Posted by: The Twisted Genius | 29 October 2012 at 04:15 PM
TTG
Apropos of nothing, I was once in the Algonquin Club on Commonwealth Avenue in Boston. I looked up at the wall and saw Senator Charles Sumner's portait. Aaargh! pl
Posted by: turcopolier | 29 October 2012 at 04:44 PM
TTG,
Glad it is of interest, I have a book around here somewhere on our alliance with the Iroquois and will locate it for you. Glad your school maintained tradition.
Although I am in Virginia these days, I graduated from Deerfield Academy in the Massachusetts town where the famous massacre took place so I also have a similar interest. I spent an additional three years in Boston later so the years of my life spent in New England were seven.
Posted by: Clifford Kiracofe | 29 October 2012 at 07:05 PM
Al,
I watched it maybe three times and figured it would only disturb me if I say that again. I have gone out of my way to avoid 9/11 photos, etc since. I didn't want it to be used against other people or countries.
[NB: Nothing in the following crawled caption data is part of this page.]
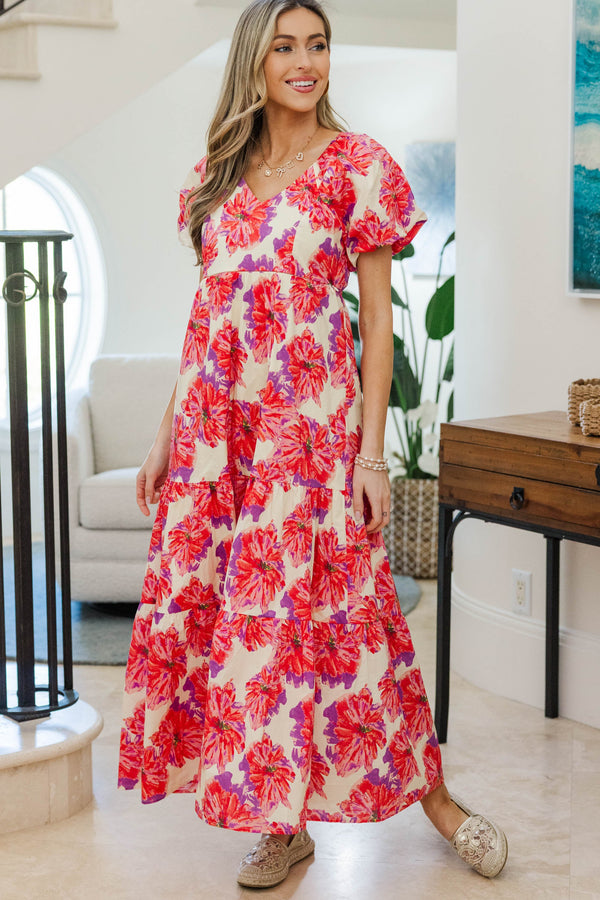 collection maxi dress Tiered Ruffle Chiffon Evening Gown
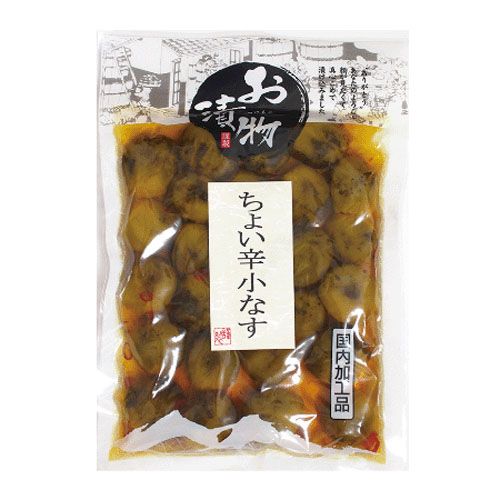 4560116116348







山豊
国産ちょい辛小なす醤油漬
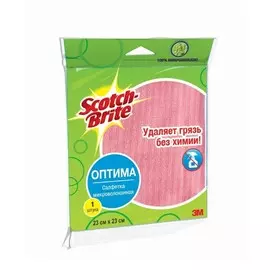 Салфетка микроволоконная Оптима Scotch-Brite 1 шт. Б0028279 (7100090497)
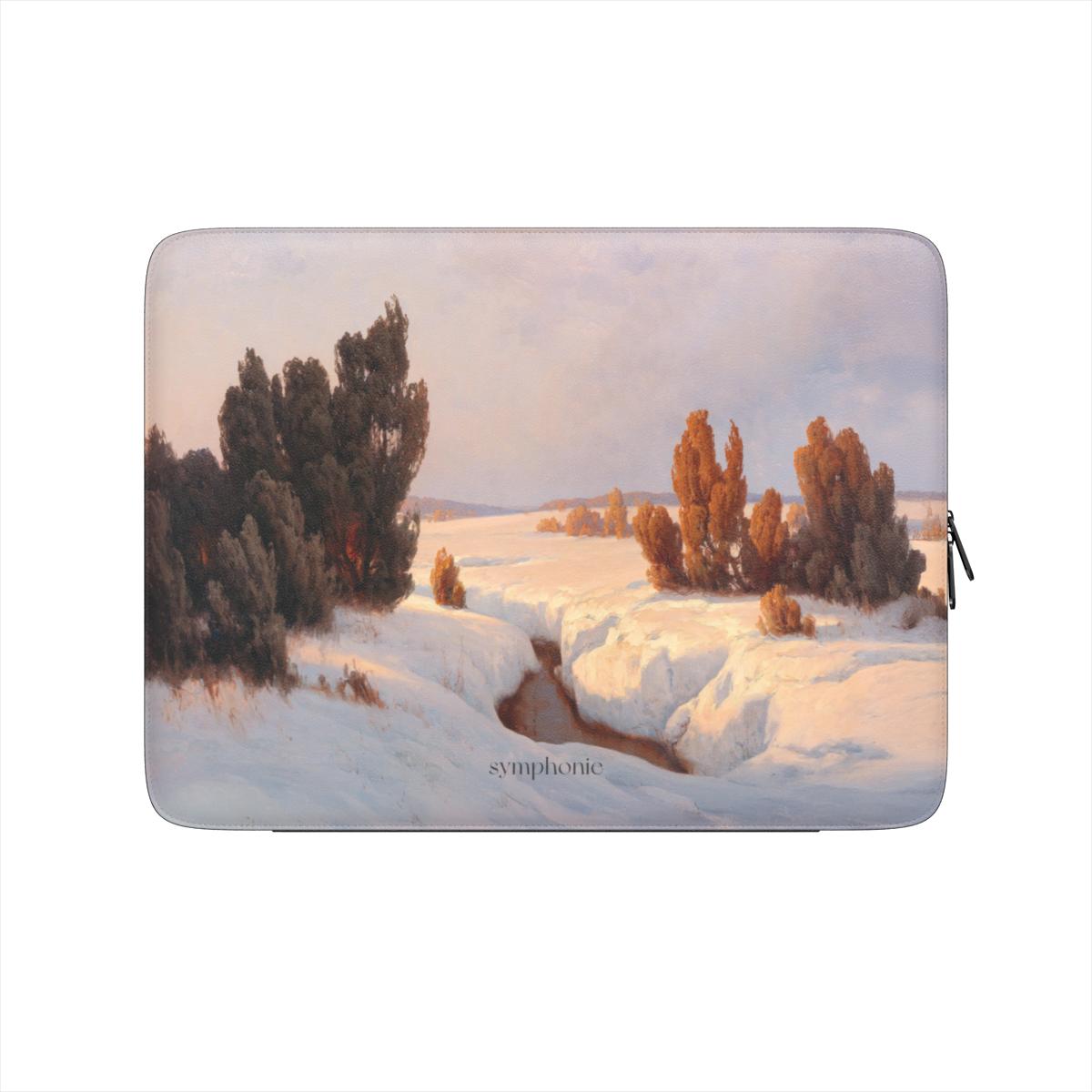 Winter Landscape in the Sun - Laptop Sleeve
Maybe I'm weird that way, but it was used against Iraq.
Posted by: Jackie | 29 October 2012 at 08:10 PM
PL,
I can certainly understand your disgust at seeing the portrait of Sumner. I can't hold his being an abolitionist against him and he did do some good works. However, he was an arrogant ass in his dealings with Southerners and nothing more than a mean spirited vindictive bastard after the War. He deserved the caning only because I doubt he would have been man enough to accept a challenge to meet at dawn in the Alexandria coal yard.
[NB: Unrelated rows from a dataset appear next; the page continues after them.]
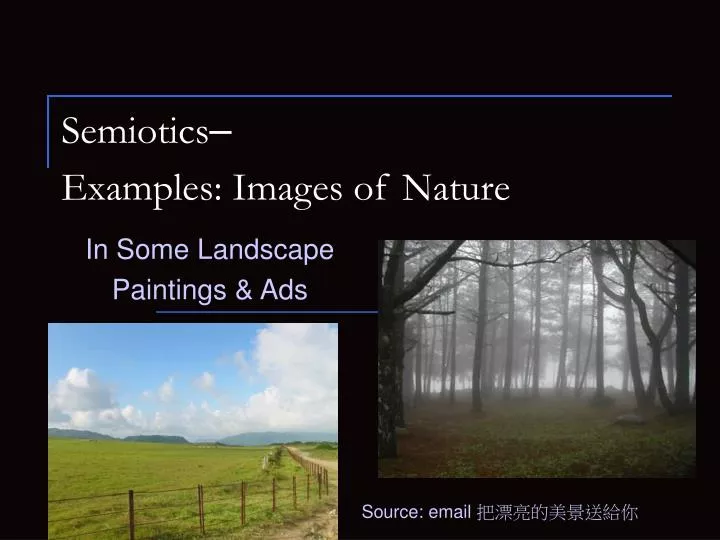 semiotics examples images of nature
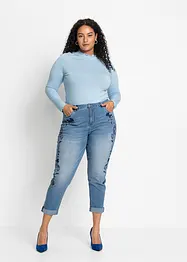 Slim jeans met mid waist, cropped, bonprix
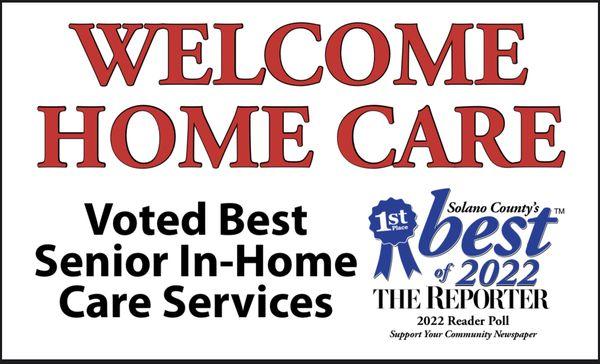 Voted number 1 for In Home Care and 2nd place for Referral Services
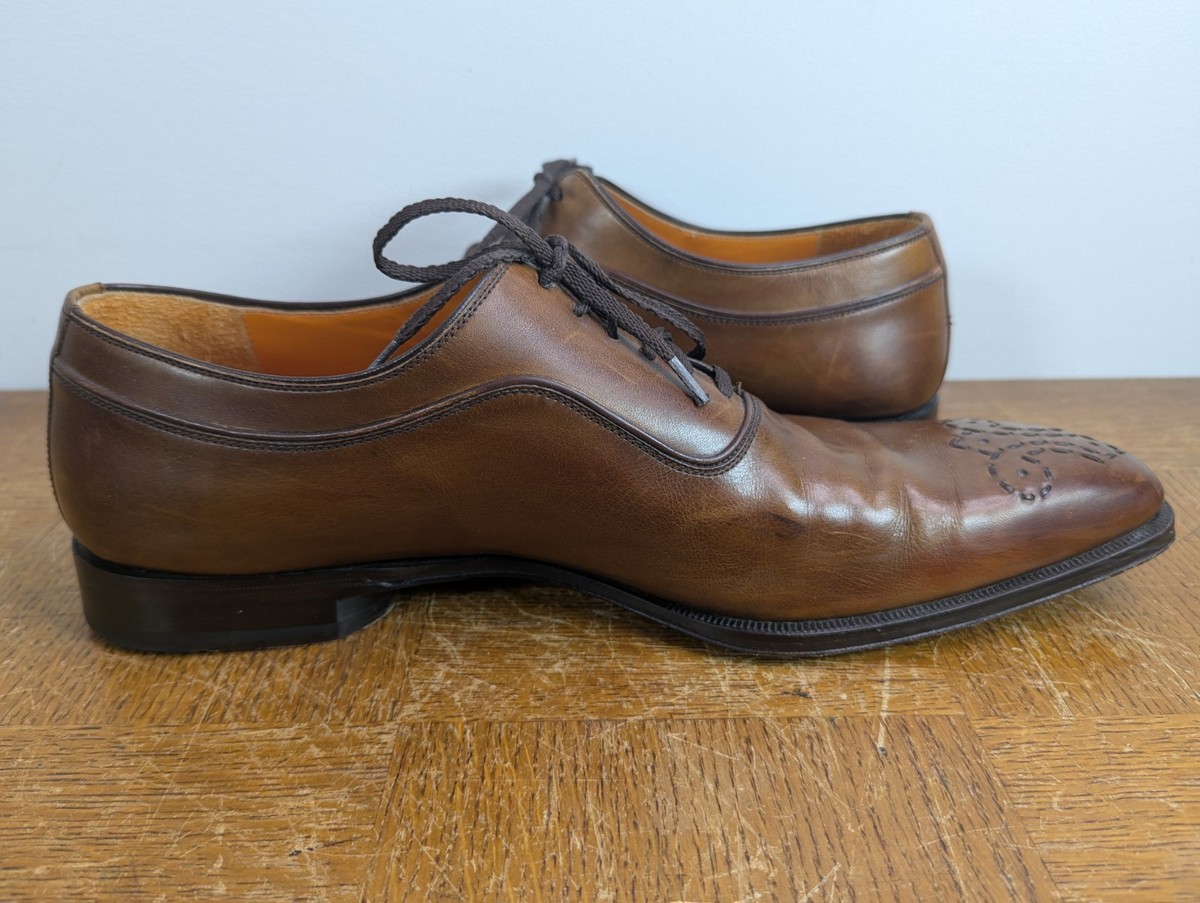 Magnanni Men's Oxford Size EU48 / US14M Embroidered Toe Shoes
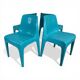 Set of 4 Schröder & Henzelmann Space Age Dining Chairs, 1970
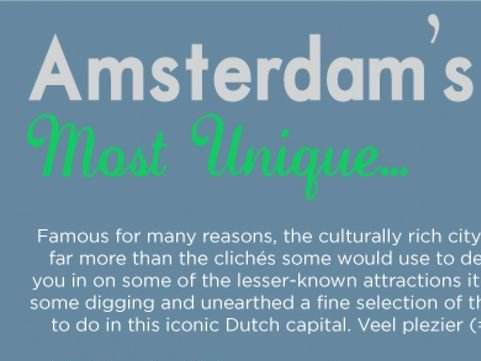 Amsterdam unieke kenmerken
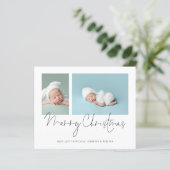 Begroting 2 Foto Collage Baby Eerste Kerstkerkerst (Staand voorkant)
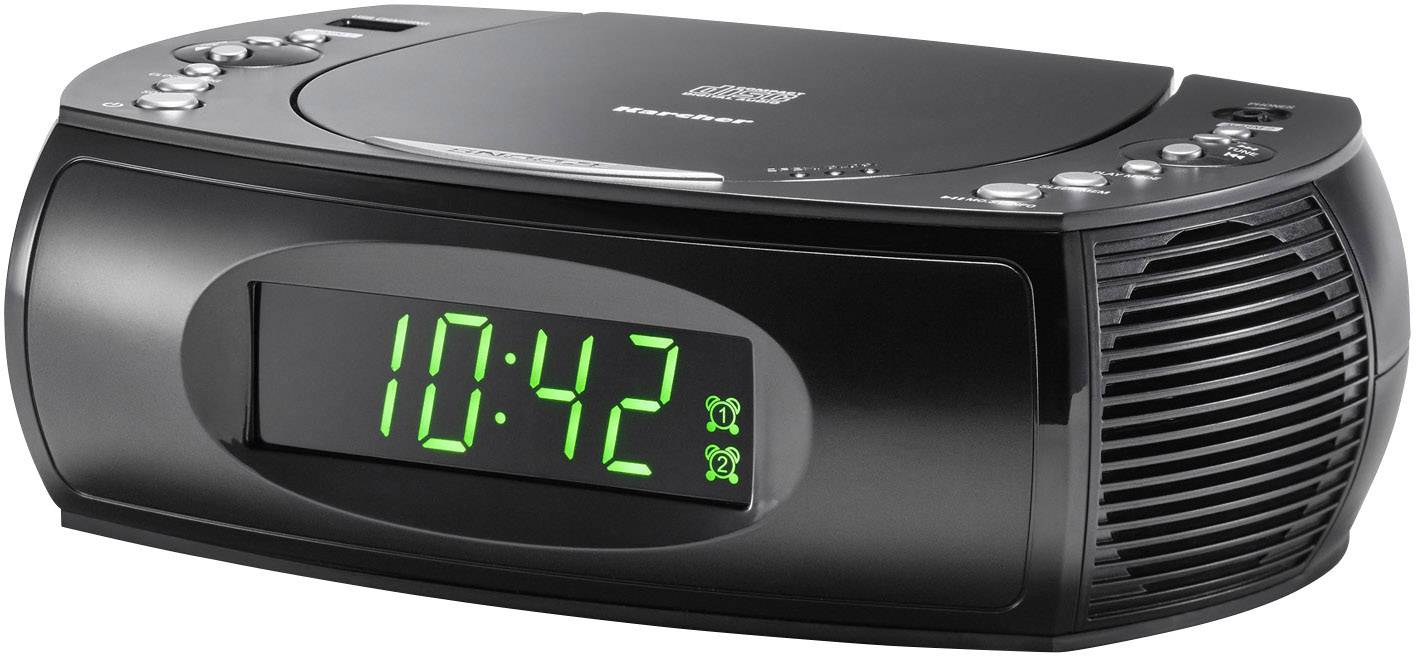 Karcher UR 1308 CD-Radio UKW Akku-Ladefunktion Schwarz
Posted by: The Twisted Genius | 29 October 2012 at 09:19 PM
According to Huntington, the US, like any/all nation needs an enemy, an image of an enemy.
Also by Huntington first there were the catholics, then the germans, after that the soviets, now they are the muslims.
Posted by: Ursa Maior | 30 October 2012 at 02:17 AM
The most recent episode of "Blue Bloods" revolved around a member of NYPD who had been in Malaysia on an "antiterrorism" mission and was subsequently kidnapped in New York by the Malaysian drug gang to gain the realese of the drug runner who was the brother of the Malaysian terrorist who ran a drug, prostitution, extortion and kidnapping ring in Malaysia. He also spoke English with no trace of accent. They threw a bit of the "terrorist" thing in there and "we do not negotiate with terrorists" but the only acts which either of the borthers were ever said to have committed were civil crimes of drugs, etc.
Clearly, the only reason the "terrorist" thing was in there was for the "we don't negotiate" bit and because all of the crime/action dramas on television today revolve around terrorist plots. That is the theme of the day.